March 12th, 2013
The web is alive with reactions since Mark Zuckerberg announced Facebook’s impending News Feed redesign last week, which will be rolled out slowly like Timeline was. First, let me just say that there’s nothing to worry about. If Facebook provides a viable marketing avenue for your business, then it should continue to do so, as long as you use it to its fullest potential. But that goes without saying for any marketing effort, regardless of system updates.
Check out this short video for an overview of the changes:
Yeah, Facebook tends to make things a little more flowery than they need to be, but you get the point.
The changes aren’t super monumental, in my opinion. Here’s a quick recap of what’s soon to come for Facebook’s News Feed feature.

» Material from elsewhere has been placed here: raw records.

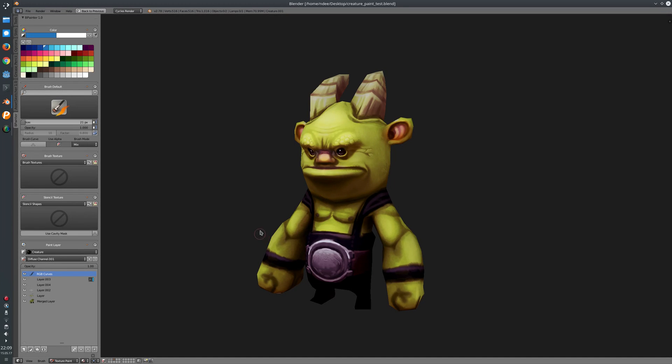This is an overview video of Beepainter 1.0, which is now released.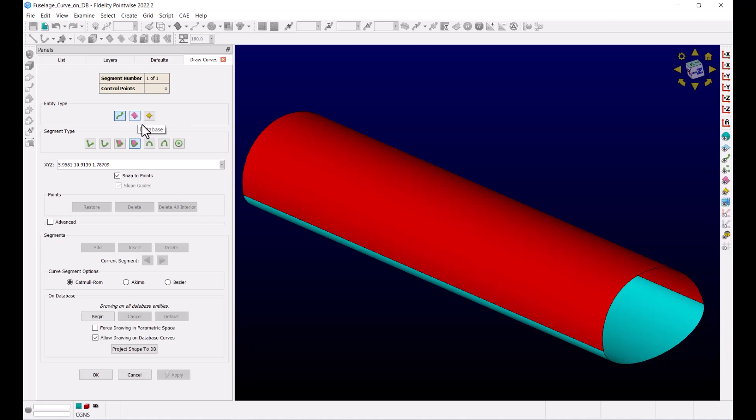Whether a connector or a database curve, or maybe a source curve. You can also specify the segment type or even an option for explicitly selecting the database entities on which you want to draw this curve. So let's look at some of these options in action.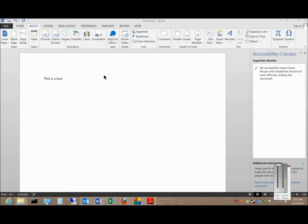We're in Microsoft Word 2013. I'm going to show you how to create a new blank document from the current document you're in.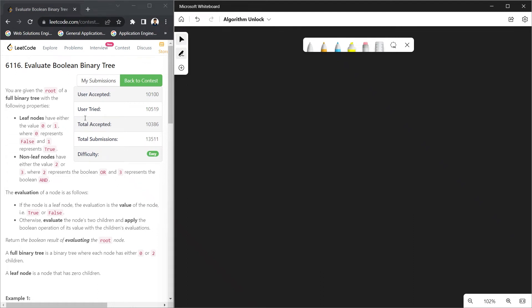Today we are going to discuss the question called 'Evaluate Boolean Binary Tree,' an easy LeetCode question. You are given a full binary tree with the following properties: leaf nodes have either value 0 or 1, where 0 represents false and 1 represents true. Non-leaf nodes have either value 2 or 3, where 2 represents a boolean OR and 3 represents a boolean AND.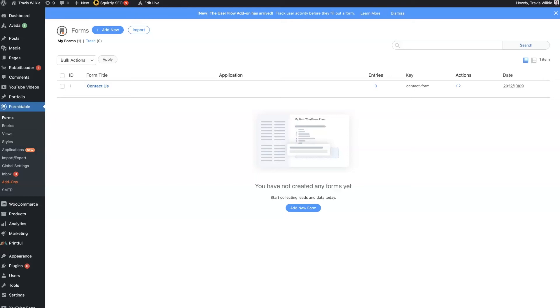I wanted to just give a quick, honest Formidable Forms review after having used tons of WordPress form plugins and not liking most of them.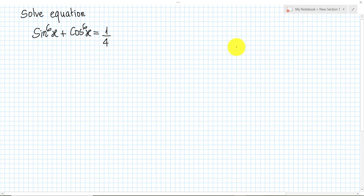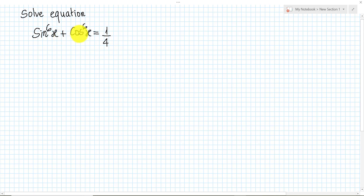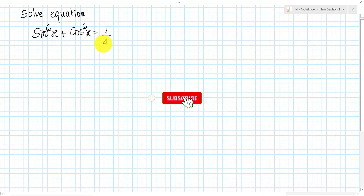Hello everyone. Today I have one exercise on screen. Solve the equation sin⁶(x) plus cos⁶(x) equals 1 over 4. Before we go to the solution, please don't forget to subscribe to my channel.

The new News Feed will have a much cleaner format. Currently, the News Feed takes up a somewhat narrow-ish strip of space in the middle of the page. To the left there is a cluttered navigation menu, to the right a lot of ads, and further to the right a needless ticker of everything your friends are doing in real time.
The new format is significantly cleaned up–no busy menu on the left, no ticker to the right, and the ads are pushed over and down a bit (although sponsored content in general is probably going to be more prominent). The top navigation is also de-cluttered. Overall, the new format is more akin to the simplified mobile version of Facebook. This is one of the reasons for the new design–to create cohesion across the mobile, tablet, and desktop experience.

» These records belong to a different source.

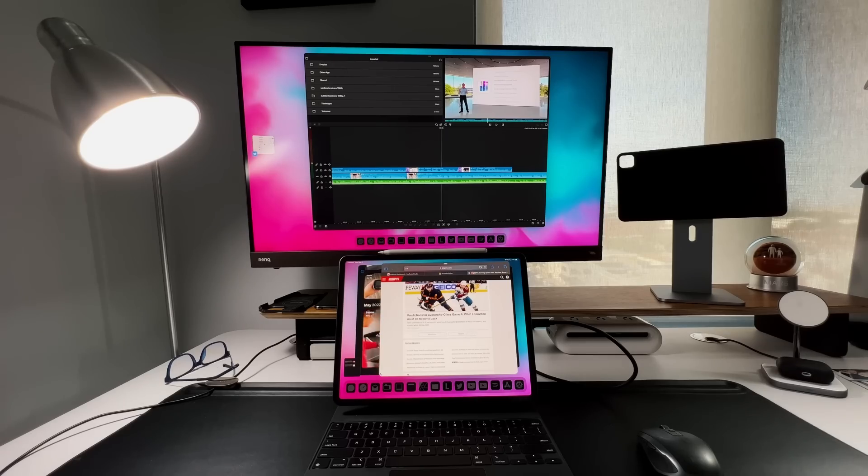That's pretty much going to do it for this video everybody. As you saw, Stage Manager has a lot of promise. Obviously Apple has a lot of work to do on the bug fix side because it is an original beta, 16.0 beta 1, only for developers. It's not even open to the public developer program quite yet.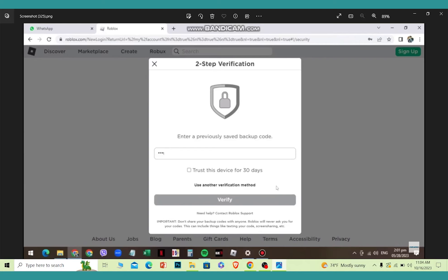You need to have access to that backup key. If you don't have access to that backup key, then you cannot login to your account. Find the backup key which Roblox provided you at that time, enter the code, click verify.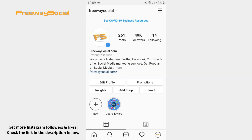The close friends feature for Instagram Stories is like a private group of people who you share your stories with. Follow these steps and you will figure out how you can understand whether you are added as a close friend or not.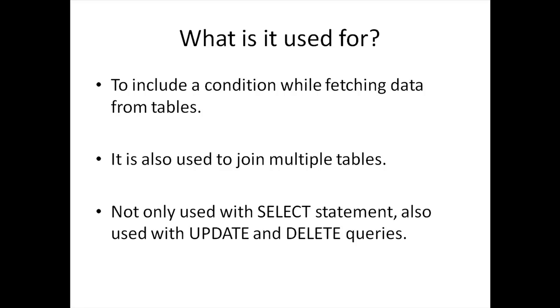The WHERE clause is used when you have to specify a condition that has to be obeyed while data is being pulled from your tables. We've seen how the WHERE clause works with the SELECT query. Another application of WHERE clause is that it's also used to perform join operations.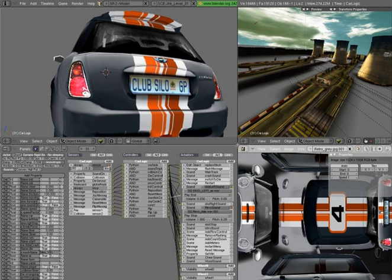A game engine is a software development environment designed for people to build video games. Developers use game engines to construct games for consoles, mobile devices, and personal computers.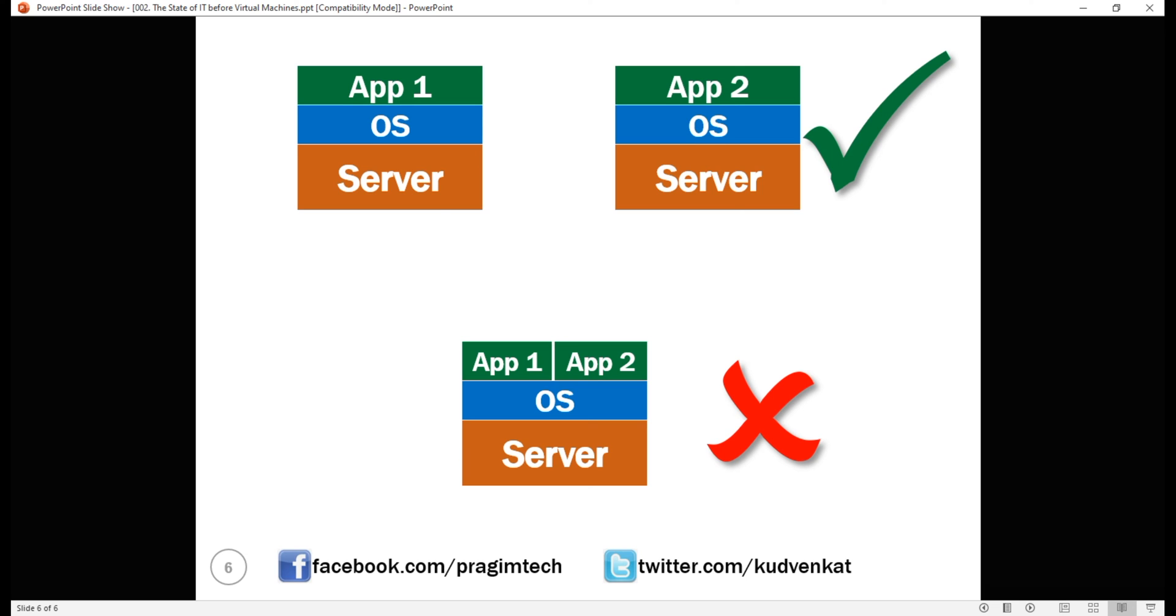And keep in mind, these applications are using only a fraction of the server capacity. What a waste of company money. You can see how quickly this can become unwieldy and very expensive for the organizations. This is the model we had until virtualization came into existence.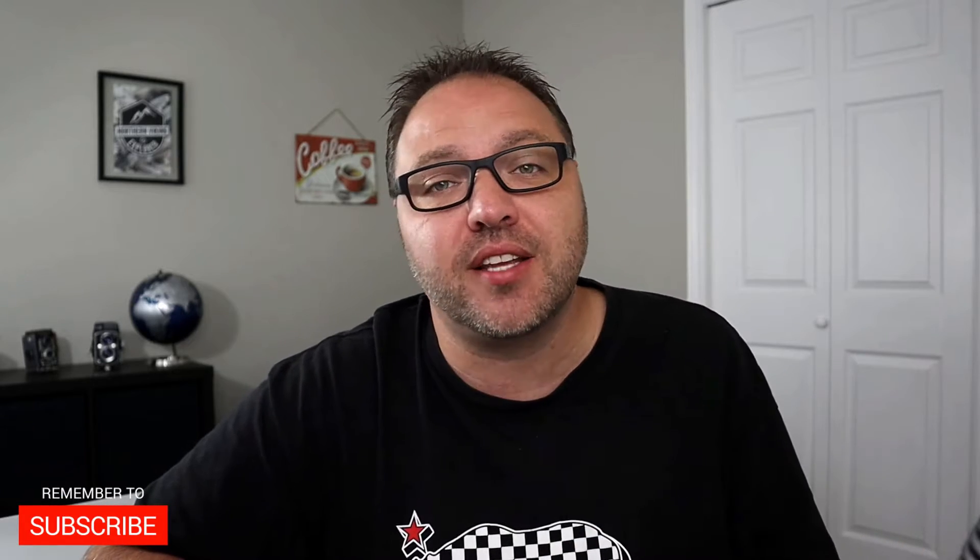Hey everyone, welcome to Northern Viking Everyday. If you're new here, my name is Ken and we bring you videos on reviews and how-tos, so make sure you click that subscribe button so you don't miss out on any upcoming videos.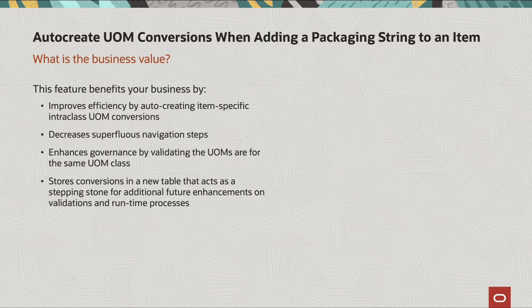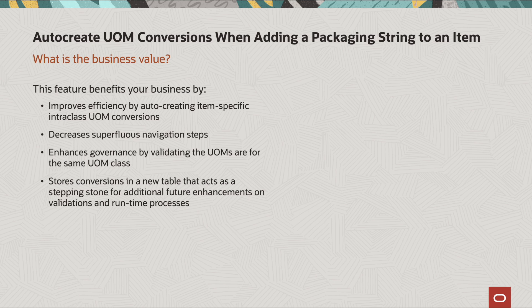What is the business value? This feature benefits your business by improving efficiency by auto-creating item-specific intraclass unit of measure conversions. It decreases the superfluous navigation steps. It enhances governance by validating that the unit of measures are for the same unit of measure class, and it stores the conversions in a new table that acts as a stepping stone for additional future enhancements on validations and runtime processes.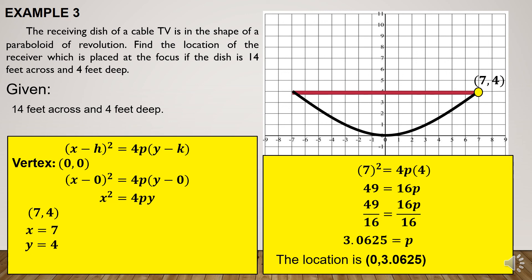If we plot this in the Cartesian plane, this is now the location of the focus.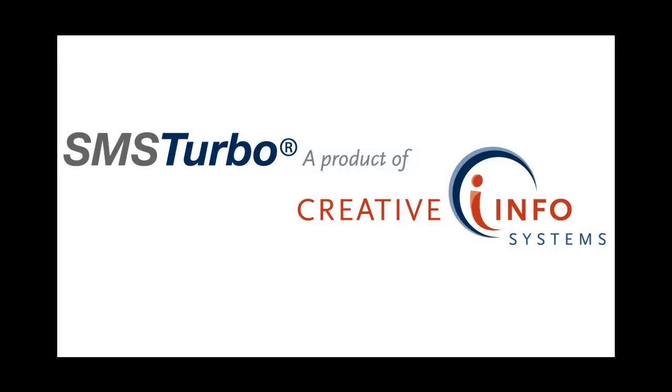SMS Turbo is a powerful scale ticketing application that is highly configurable and meets the needs of nearly any scale ticketing environment. The ticketing process allows the operator to quickly and accurately produce secure, legal for trade scale tickets meeting local and federal requirements.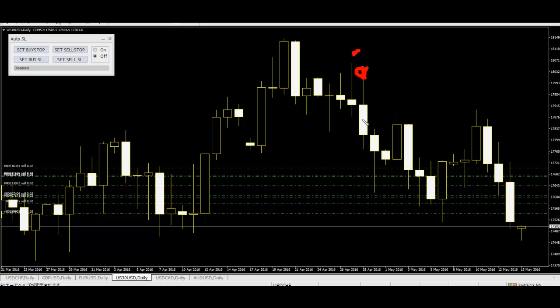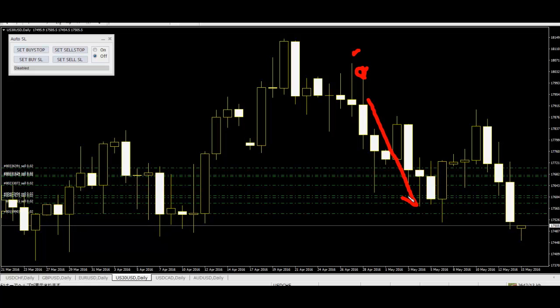When overbought, price goes down. Vice versa: higher low, lower shadow indicates oversold. Thank you.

Which fuels the argument that visual content is more important than ever. According to the Associated Press, our attention spans went from 12 seconds to 8 seconds from the year 2000 to 2012, making us less attentive than gold fish (seriously?). Apparently, the average person will only read 49% of a web page with 111 words or less, and only 28% of a page with 593 words (the average page length). So if you’ve made it this far into my blog post, thanks for sticking around! 🙂
What does this mean? For the most part, people aren’t going online to read text. For most web surfers, images and videos provide that much-needed diversion because they are so much easier to digest and therefore can be digested much more quickly on tight schedules. With this in mind, Facebook’s News Feed redesign emphasizes visual content–bigger, clearer pictures. Even the image captions are now superimposed in white text on top of the image.
You’ve just read a super intriguing article or found a mouthwatering recipe online, and of course, you want to do your civic duty and share it with all of your friends. Or conversely, you’ve provided something sweet on your site and one of your readers wants to share it with all of their friends.

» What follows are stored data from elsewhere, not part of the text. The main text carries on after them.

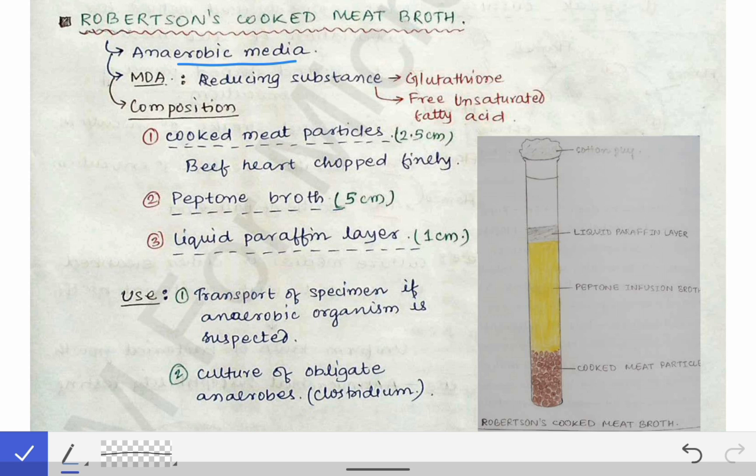The mechanism of action of Robertson Cooked Meat Broth is that it contains meat particles, and those meat particles contain glutathione and free unsaturated fatty acids. Those two act as the reducing substances — they themselves get oxidized by taking up the O2 dissolved in the media, thereby reducing the amount of oxygen in the media and also reducing the redox potential, thereby favoring the growth of obligate anaerobes.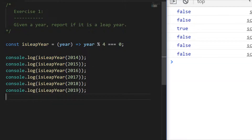Looking at the results on the right-hand side, the only one that gave us a true value was 2016, which was the last leap year. If you had a function that included an if statement, that's perfectly fine too, but using ES6 arrow syntax you can put it all on one line as an implicit return. That's exercise one done — let's move on to exercise two.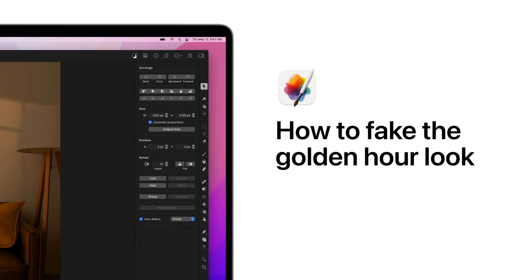In today's tutorial, we'll show you how to create a realistic golden hour effect, making it look like your photo was taken during the hour shortly after sunrise or before sunset, when sunlight is warmer and softer.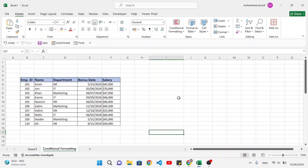Welcome back everyone. This video is all about advanced conditional formatting. We will apply conditional formatting in our table — different types of conditional formatting. You have the chapters in the description to check which conditional formatting we will apply in this video. Let's start.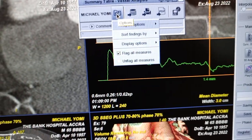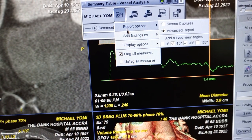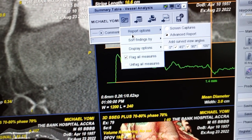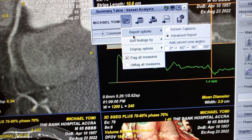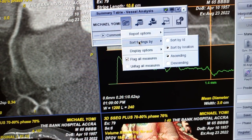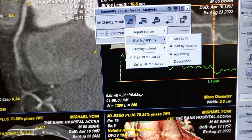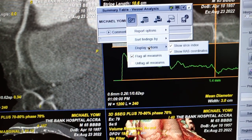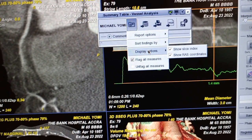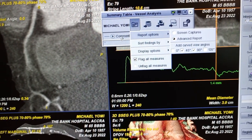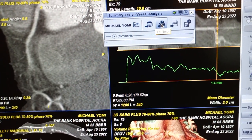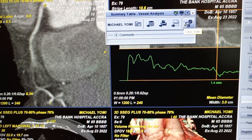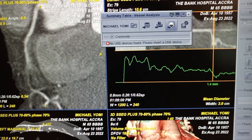You have options — within the options, you have the advanced report. For each vessel, you can set the angle from 45 to 90 degrees to see the vessel, then sort by location. We also have show slice and show coordinates. Once everything is set, you can export to PDF or save. Let's export to PDF.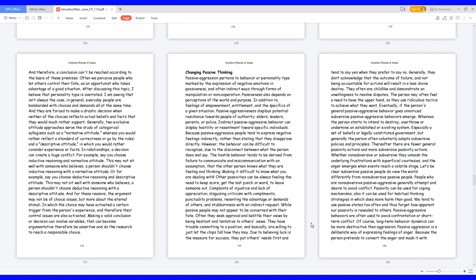Changing passive thinking. Passive aggression pertains to behavior or personality type marked by the expression of negative emotions in passiveness, and often in direct ways through forms of manipulation or non-cooperation.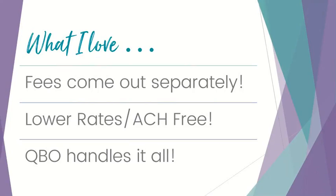And I will tell you at the end of this how you can connect with me because I can get you even lower rates with QuickBooks Payments than you can get on your own that you see on their current website. I get a little connection I would like to share with you, so stay tuned for that at the end.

With the new design, when Facebook users share links to goodies they’ve discovered online, the thumbnail image is bigger, the headline and short blurb about the link are in a different typeface, and a logo is included. This makes links more appealing to click on, but it also means that everything you put online should include a high-quality, relevant image and an effective headline. And how’s that logo looking? The digital age would like you to reevaluate the aesthetic of your branding.
With the new design, when somebody Likes your page, your cover photo and logo will show up right there in their friends’ feeds. Again, it’s a good reason to make sure your logo represents your company well, that you’ve used an interesting cover photo to represent a little bit of who you are, and that all of the aspects of your social media marketing are on point. Hopefully these things will help draw in more people to be interested and click on your page to learn more.
We know now that Facebook’s
popularity contest algorithm, EdgeRank, essentially ranks the content people post for popularity by how much people interact with it–share it, Like it, comment on it, etc. Sometimes this isn’t the best determining factor for how valuable something is and how worthy it is of being seen by others. Personally, I think it’s overbearing for an algorithm to choose what I see from my friends based on how popular the posts are–I prefer to make that choice for myself.
Anyway. It’s not that EdgeRank is going anywhere, but now users have a variety of feeds to choose from, rather than one feed inclusive of everything. With a drop-down menu, users can choose which feed they want to view:
You can check out how it will look for yourself here, at the source.
So there’s what’s what in the dawn of a new era… the updated News Feed era. (Disclaimer: that was a dramatization.)